_Short descriptive text snippets:_
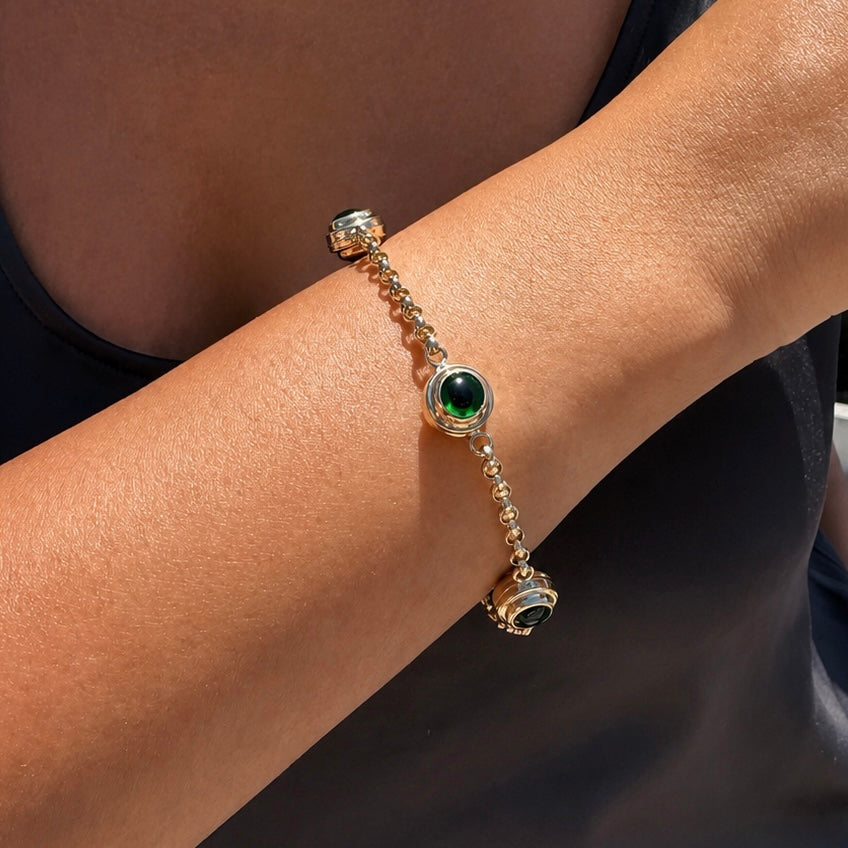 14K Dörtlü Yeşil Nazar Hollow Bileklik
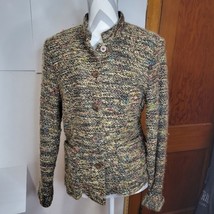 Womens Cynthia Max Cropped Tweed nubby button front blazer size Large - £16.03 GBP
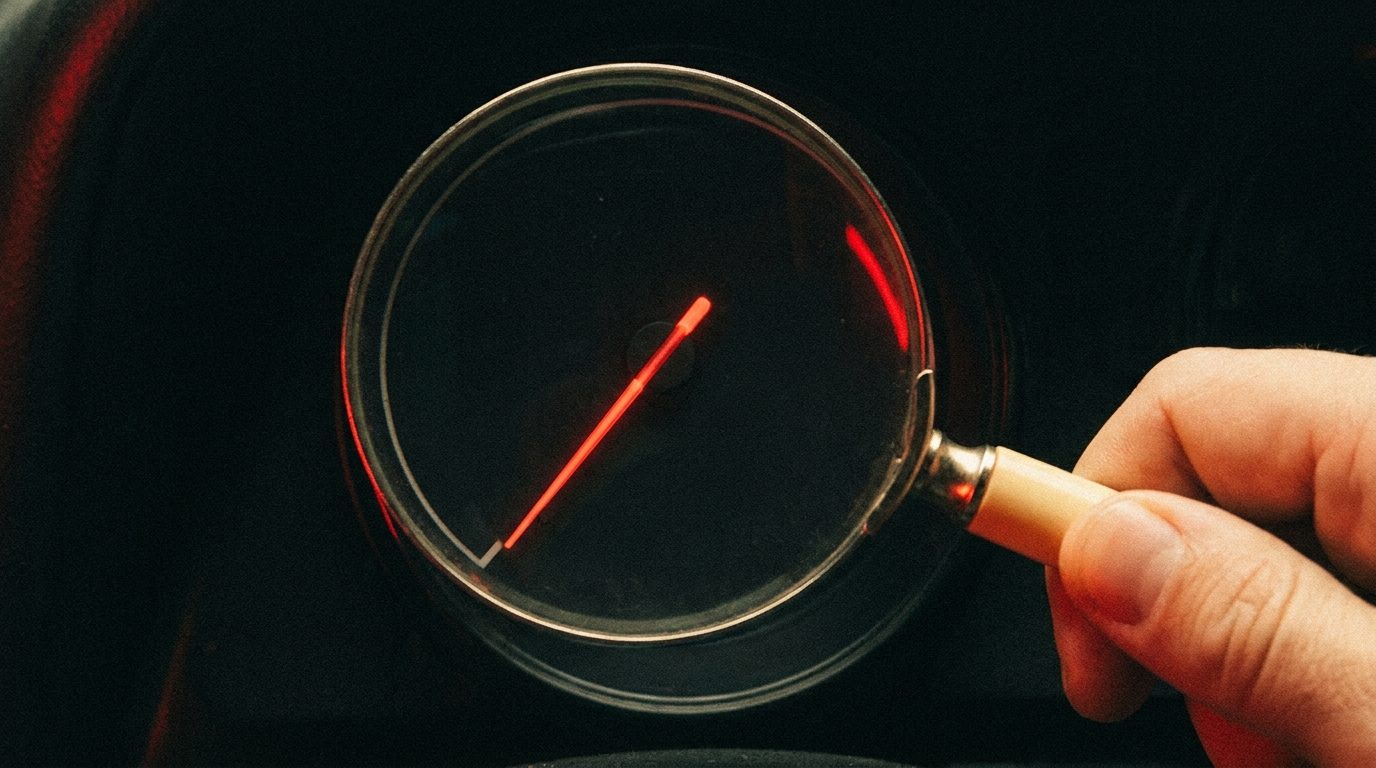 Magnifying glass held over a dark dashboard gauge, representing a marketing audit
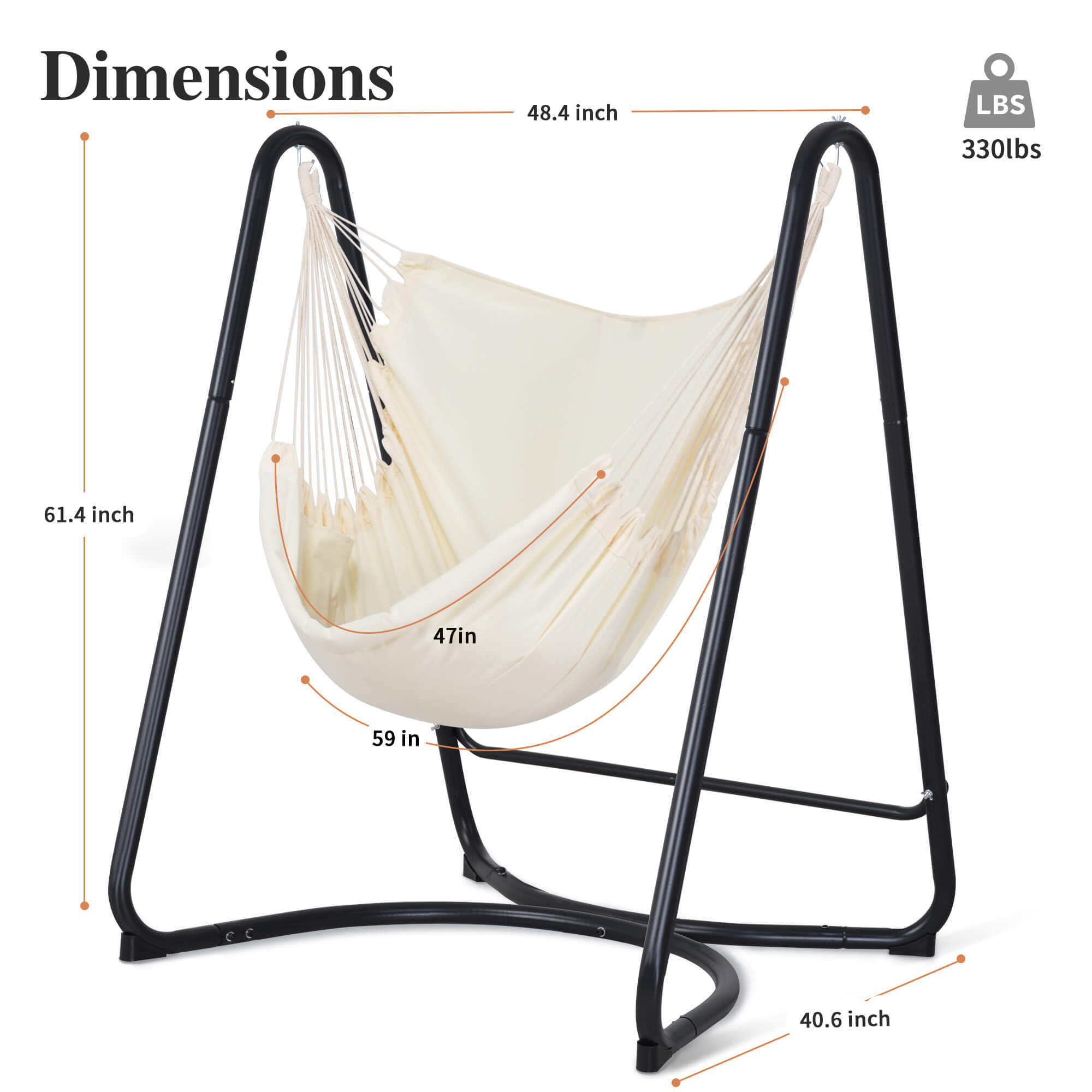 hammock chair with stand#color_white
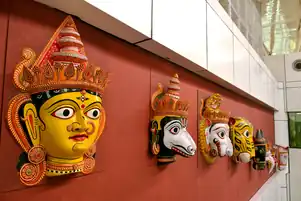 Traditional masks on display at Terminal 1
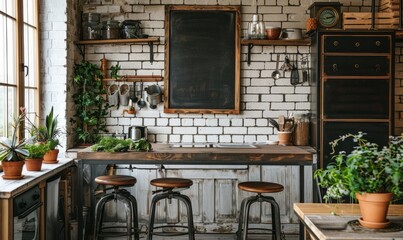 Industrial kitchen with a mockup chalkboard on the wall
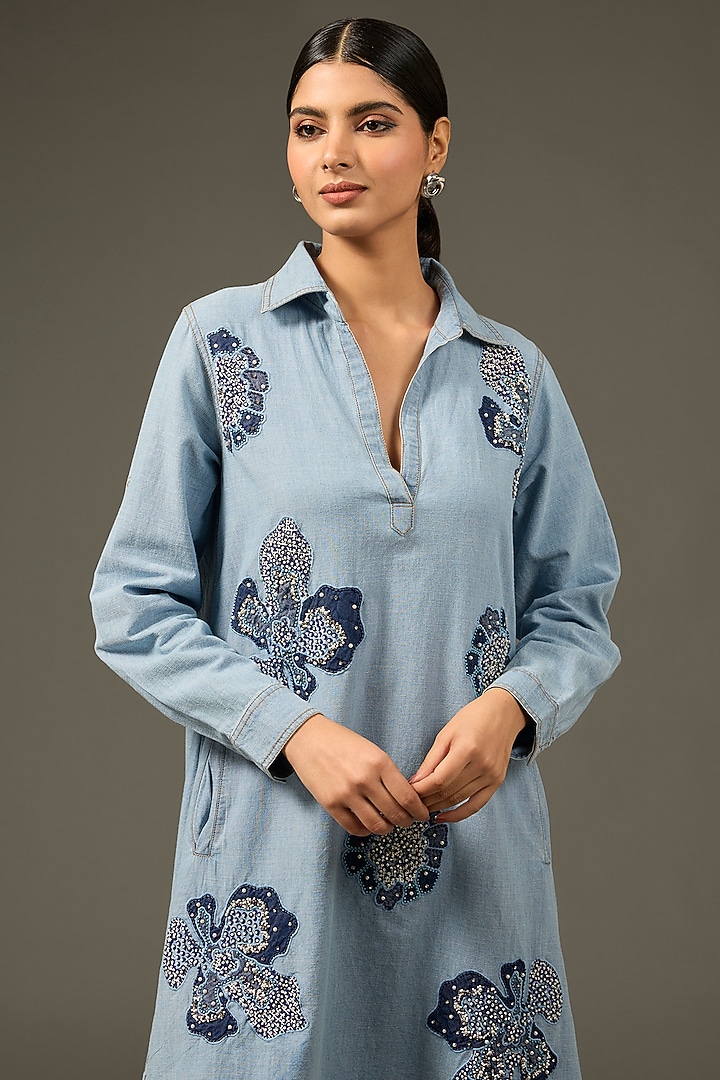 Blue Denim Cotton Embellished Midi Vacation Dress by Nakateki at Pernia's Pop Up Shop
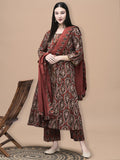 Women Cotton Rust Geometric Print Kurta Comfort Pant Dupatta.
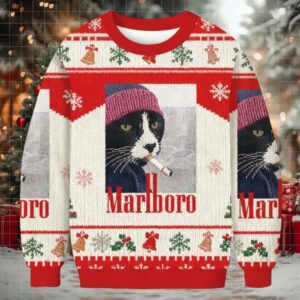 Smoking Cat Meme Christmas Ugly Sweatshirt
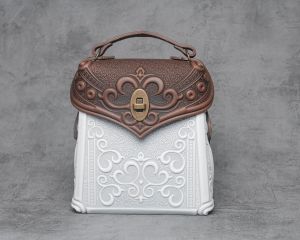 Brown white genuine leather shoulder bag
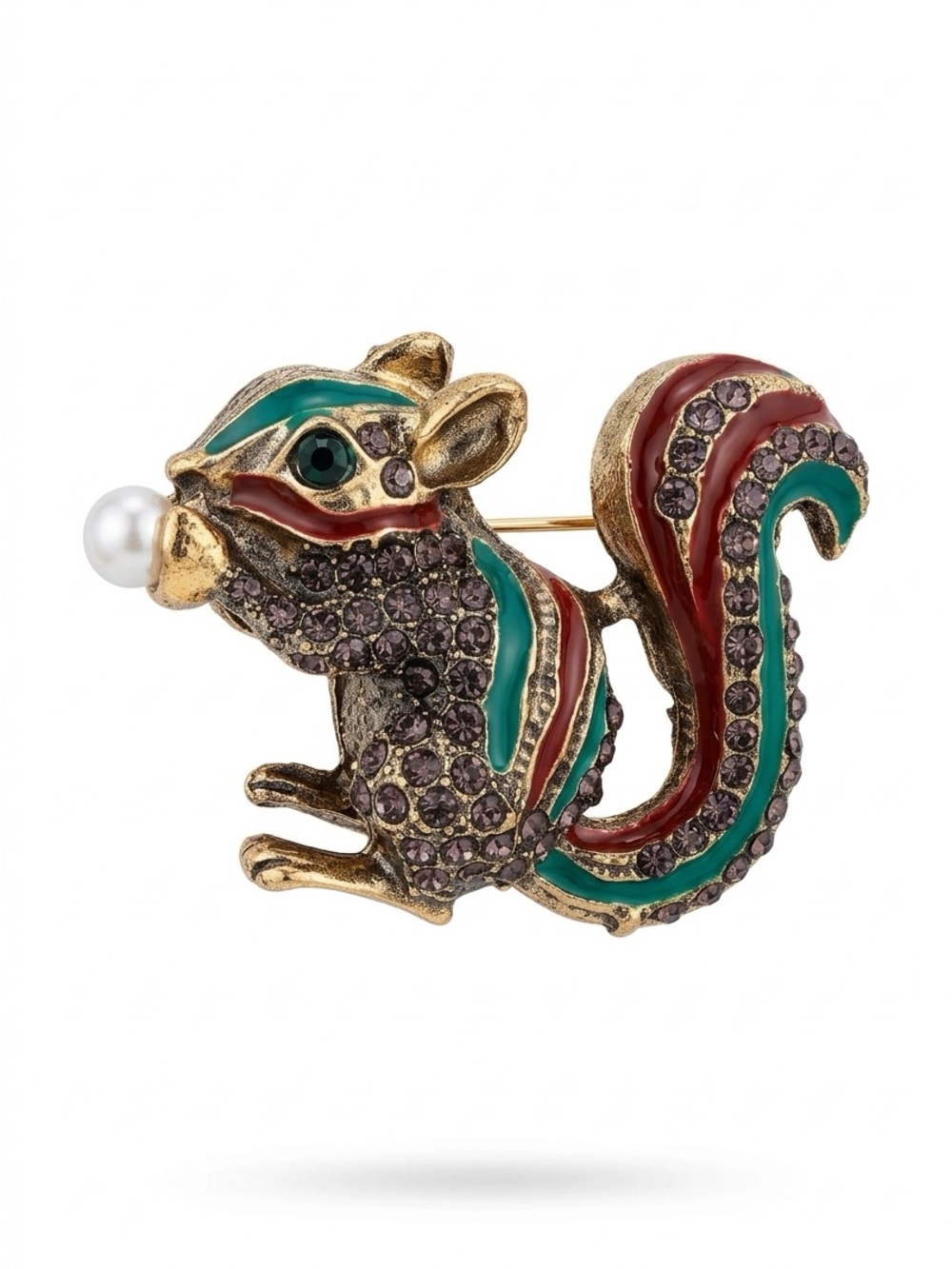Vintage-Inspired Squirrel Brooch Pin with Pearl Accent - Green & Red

_Work required:_ All of the data above should be transcribed verbatim, with pictures omitted.

_Task solution:_
 14K Dörtlü Yeşil Nazar Hollow Bileklik
 Womens Cynthia Max Cropped Tweed nubby button front blazer size Large - £16.03 GBP
 Magnifying glass held over a dark dashboard gauge, representing a marketing audit
 hammock chair with stand#color_white
 Traditional masks on display at Terminal 1
 Industrial kitchen with a mockup chalkboard on the wall
 Blue Denim Cotton Embellished Midi Vacation Dress by Nakateki at Pernia's Pop Up Shop
 Women Cotton Rust Geometric Print Kurta Comfort Pant Dupatta.
 Smoking Cat Meme Christmas Ugly Sweatshirt
 Brown white genuine leather shoulder bag
Vintage-Inspired Squirrel Brooch Pin with Pearl Accent - Green & Red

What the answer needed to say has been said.